Work instruction: As the answer, give exactly the lines of the records below from the one with "美品 PLST プラステ マンテコ ノーカラーハーフコート 黒 M" through the one with "Black frustum hexagonal pyramid", ends included and pictures left out.

Material to process:
= Beginning of Section =

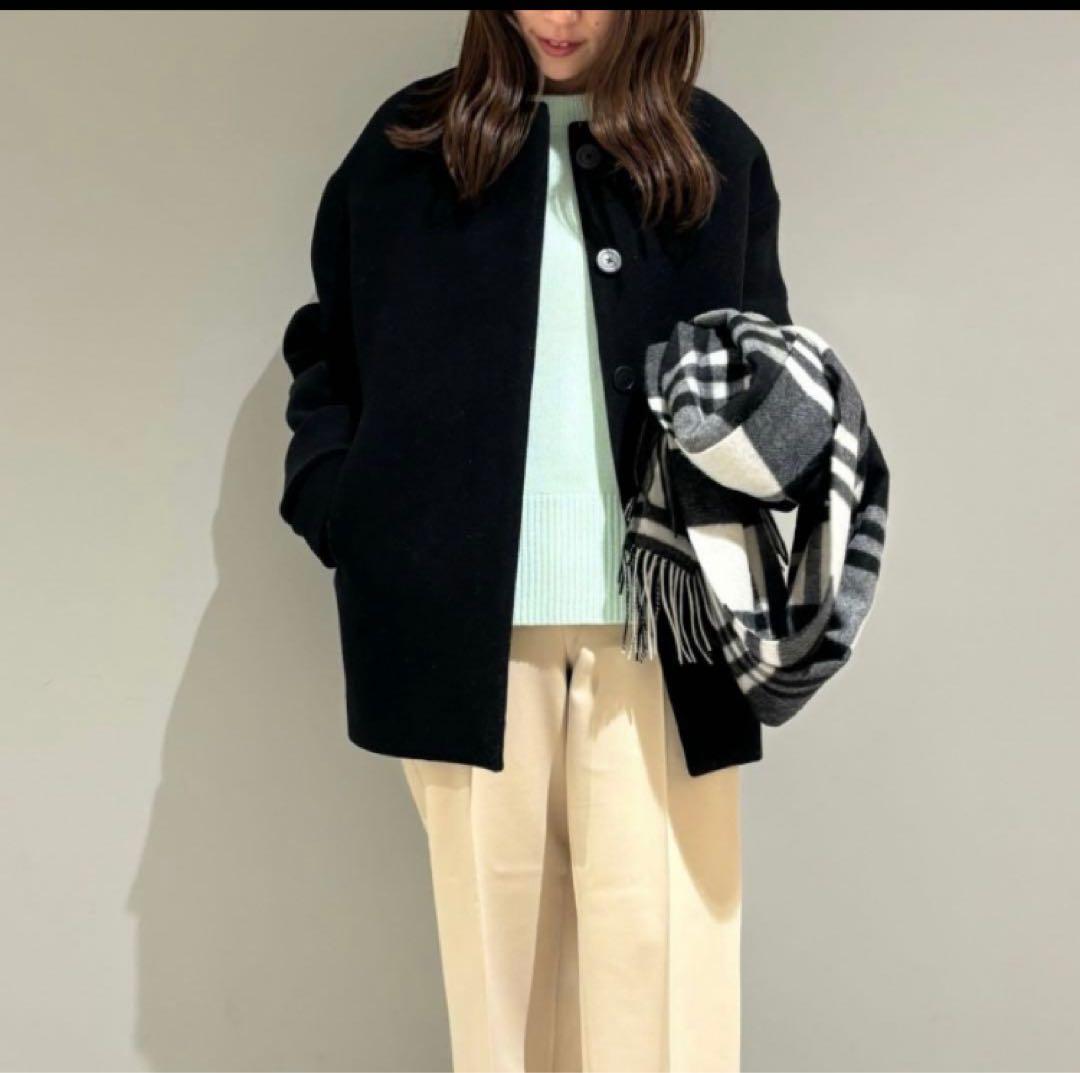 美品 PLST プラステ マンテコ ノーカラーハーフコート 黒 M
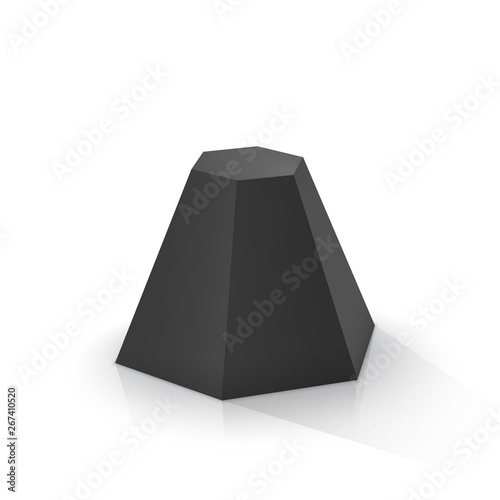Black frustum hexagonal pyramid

= End of Section =
= Beginning of Section =

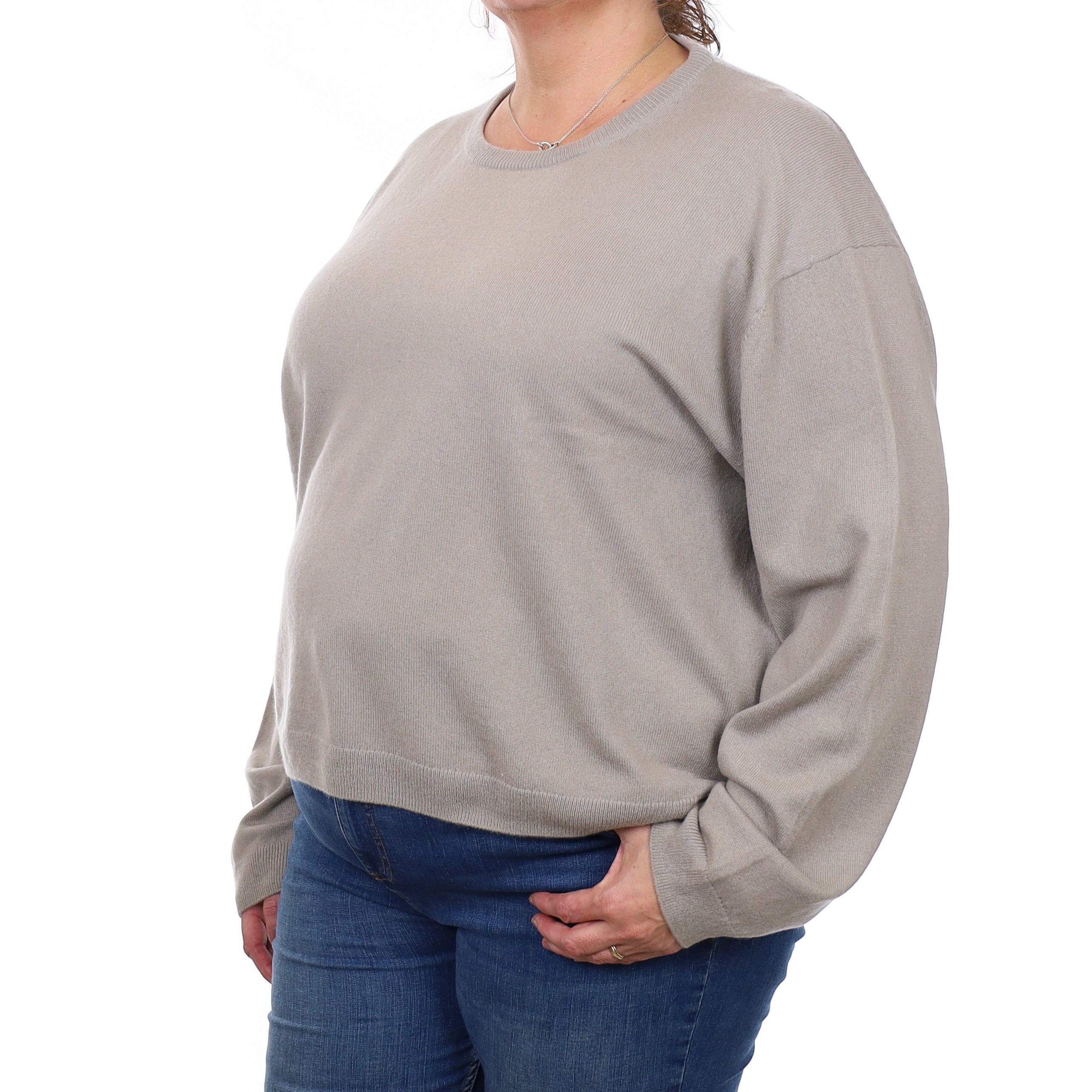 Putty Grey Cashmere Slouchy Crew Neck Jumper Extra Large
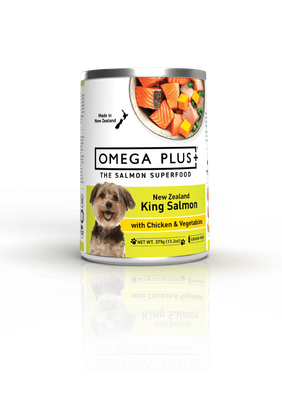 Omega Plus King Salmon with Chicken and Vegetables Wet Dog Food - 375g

= End of Section =

Output below:
 美品 PLST プラステ マンテコ ノーカラーハーフコート 黒 M
Black frustum hexagonal pyramid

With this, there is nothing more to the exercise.